The closing date for this offering was on or about December 15, 2006. Plaintiff reviewed the
transfer history for 310 loans that were supposed to be timely transferred to this trust. Only two (2)
loans were timely transferred to the trust. Thirty-five (35) other loans were not and have never been
transferred to the trust. Thirty-seven (37) additional loans were never assigned to the trust, and were
paid in full in the name of the originator (or a third party). In addition, thirty-nine (39) other loans
that were supposed to be transferred to the trust were transferred to entities other than the trust, but
not to the trust. Five (5) deeds of trust were foreclosed in the name of a party other than the trust,
without an assignment of record of the note and mortgage (deed of trust) to that party or the trust.
The remainder of the loans (192) were eventually transferred to the trust, but all such transfers
occurred between mid-2007 and the present, well beyond the three-month time period required by
the trust documents. In other words, only 2 of the 310 reviewed loans were timely transferred to
the trust, a failure rate of 99.4%.

442. The foregoing example, coupled with the public news, lawsuits and settlements
discussed above, establish that defendants failed to properly and timely transfer title to the mortgage
loans to the trusts.
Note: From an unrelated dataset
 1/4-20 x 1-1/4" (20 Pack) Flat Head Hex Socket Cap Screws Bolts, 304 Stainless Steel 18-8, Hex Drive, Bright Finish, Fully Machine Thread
Moreover, they show that defendants’ failure to do so was widespread and
pervasive. In fact, the specific examples discussed above show that defendants utterly and
completely failed to properly and timely transfer title. Defendants’ failure has caused plaintiff (and
other RMBS investors) massive damages. As noted by law professor Adam Levitin of Georgetown
University Law Center on November 18, 2010, in testimony he provided to the a U.S. House
Subcommittee investigating the mortgage crisis, “[i]f the notes and mortgages were not properly
transferred to the trusts, then the mortgage-backed securities that the investors[] purchased were in
fact non-mortgaged-backed securities” (emphasis in original), and defendants’ failure “ha[d]
profound implications for [R]MBS investors” like plaintiff. Indeed, Professor Levitin noted in his
testimony that widespread failures to properly transfer title would appear to provide investors with
claims for rescission that could amount to trillions of dollars in claims.